**Work task**
It is required that the lines from the top of the listing through the line with "Lululemon On the" be reproduced exactly, excluding pictures.
== == ==
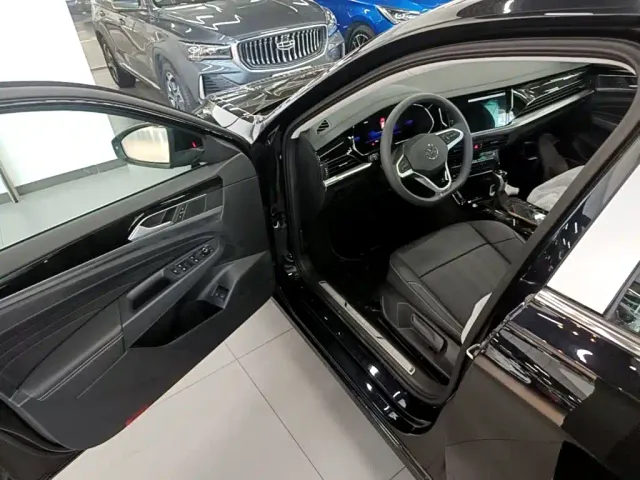 Volkswagen Passat — Фото автомобиля 15
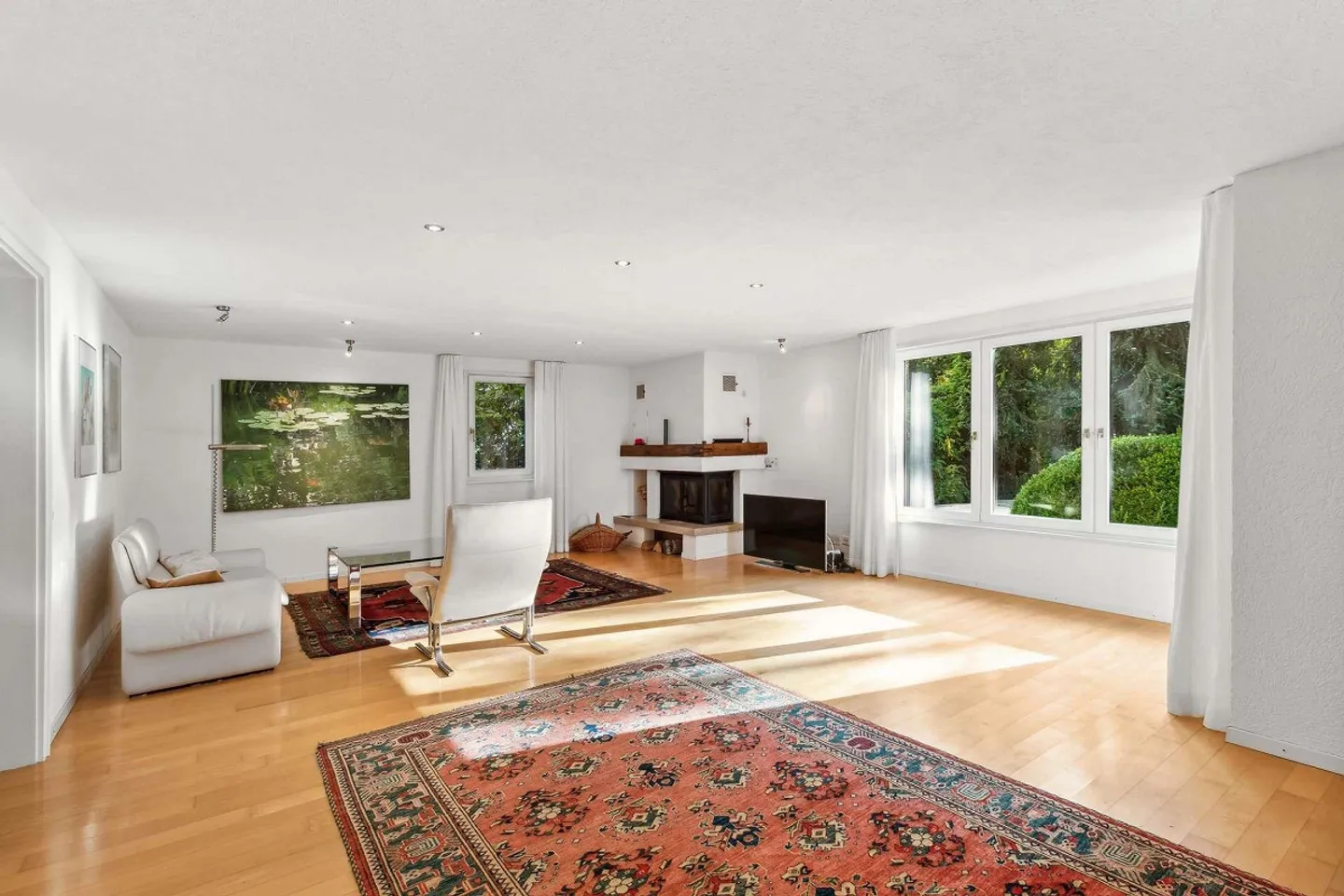 Grande Casa Familiare con Giardino Paradisiaco - Foto 2 di 15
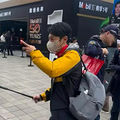 张康阳观看F1比赛！晒与谷爱凌何猷君合影用英文接受采访很帅气_4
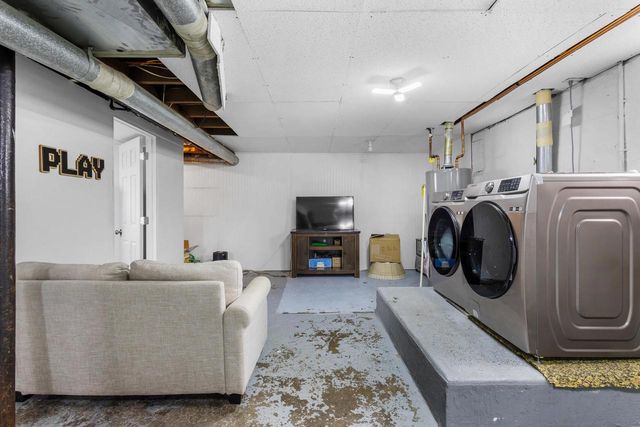 1027 LAKE STREET, Green Bay, WI 54303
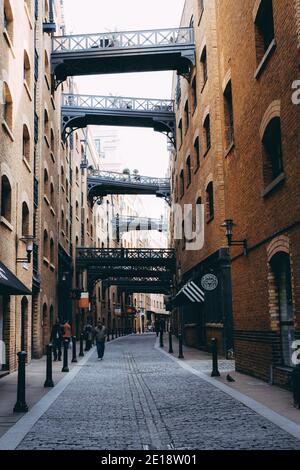 Londra - UK - Dicembre 2020 : magazzini e passerelle sulla storica strada lungo il fiume Shad Thames London Bridge Foto Stock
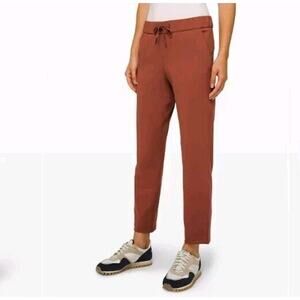 Lululemon On the Fly 7/8 Pant Rustic Clay Women’s Sz 4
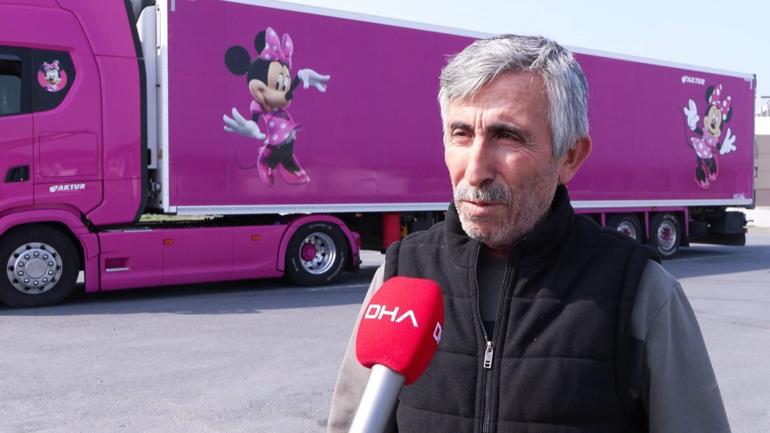 4 çocuk annesi, pembe renkli TIRı ile uluslararası taşımacılık yapıyor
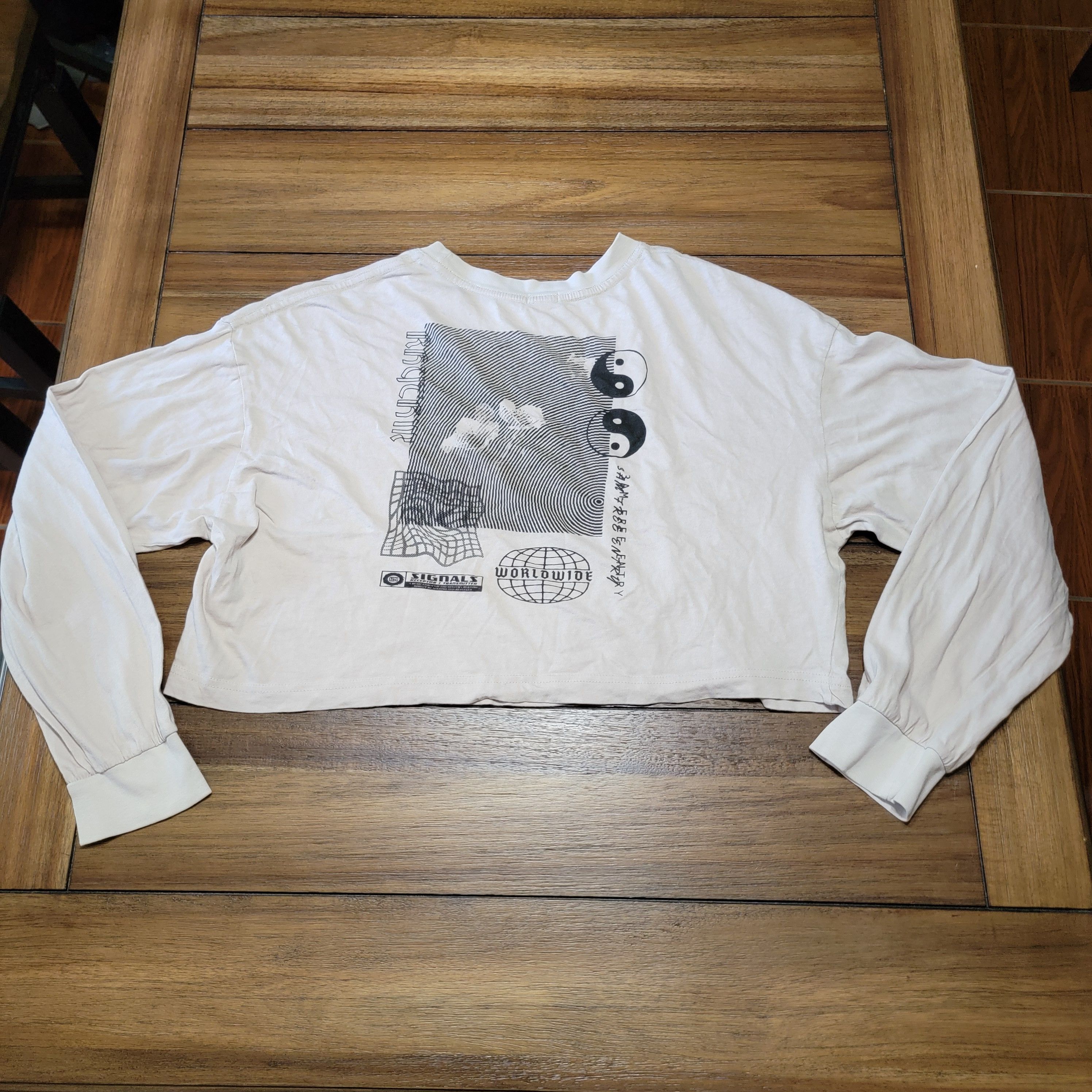 Garage Garage LS Crop Cream Tee "Rhythm Worldwide" - Size Medium Size M / US 6-8 / IT 42-44 - 1 Thumbnail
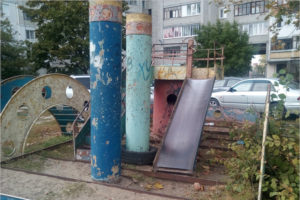 Детские площадки в Брянской области не соответствуют требованиям стандартов — прокуратура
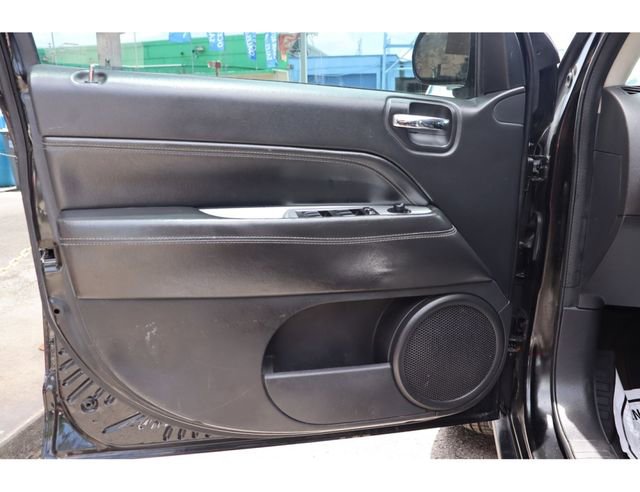 Used 2016 Jeep Compass Latitude FWD image 14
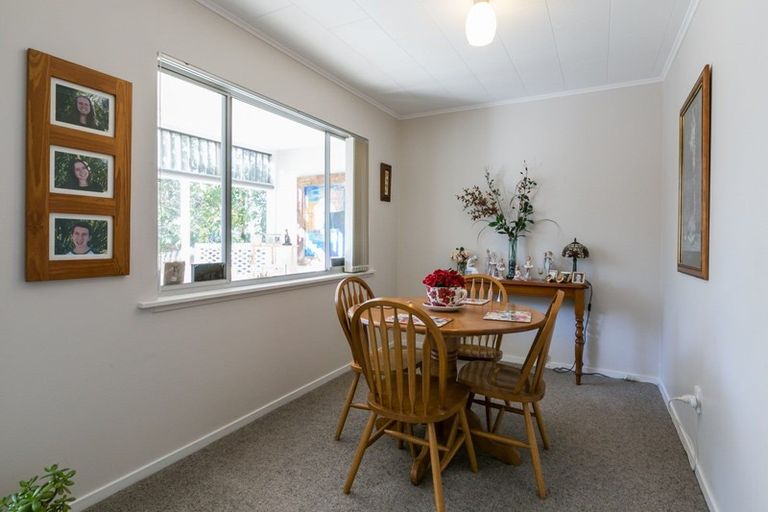 Photo of property in 2/168 Gloucester Street, Taradale, Napier, 4112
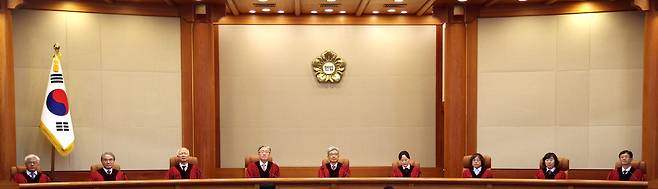 21일 서울 종로구 헌법재판소 심판정에서 열린 아동ㆍ청소년의 성보호에 관한 법률 제18조 위헌제청 선고를 위해 김상환 헌법재판소장을 비롯한 헌법재판관들이 착석해 있다. 연합뉴스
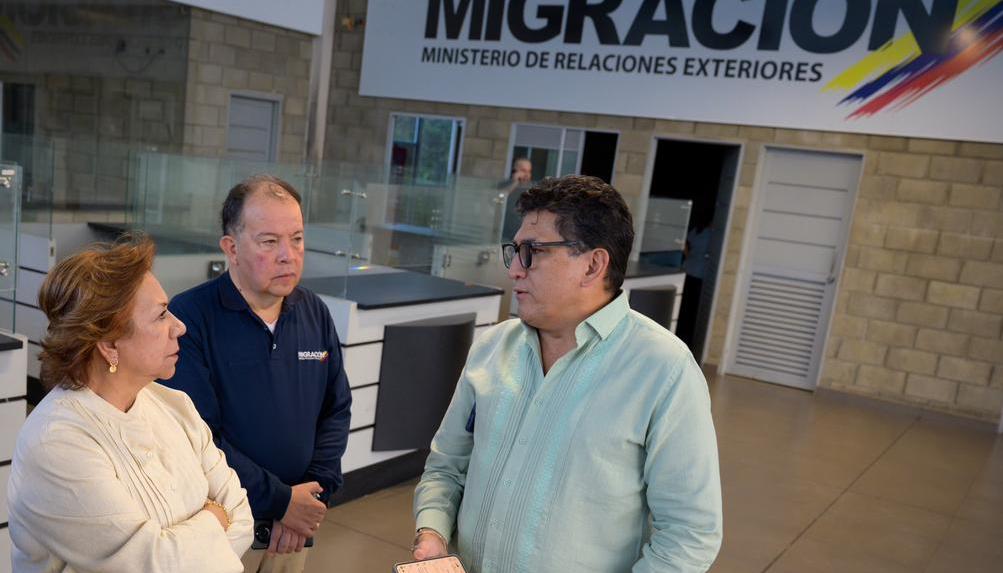 La canciller Rosa Villavicencio se reunió a primera hora con los familiares de los 17 colombianos que estaban detenidos en Venezuela.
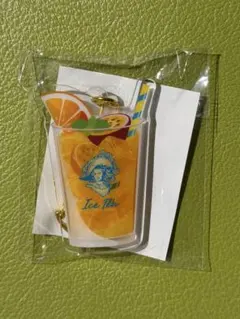 売り切りセール‼️New Days 限定 午後の紅茶 アクリルキーホルダー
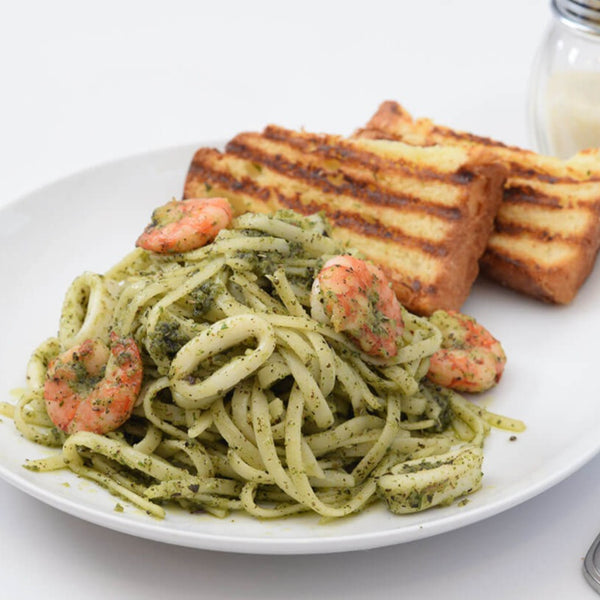 Linguine in Pesto Sauce with Seafood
== == ==
**Answer to the problem**
 Volkswagen Passat — Фото автомобиля 15
 Grande Casa Familiare con Giardino Paradisiaco - Foto 2 di 15
 张康阳观看F1比赛！晒与谷爱凌何猷君合影用英文接受采访很帅气_4
 1027 LAKE STREET, Green Bay, WI 54303
 Londra - UK - Dicembre 2020 : magazzini e passerelle sulla storica strada lungo il fiume Shad Thames London Bridge Foto Stock
 Lululemon On the Fly 7/8 Pant Rustic Clay Women’s Sz 4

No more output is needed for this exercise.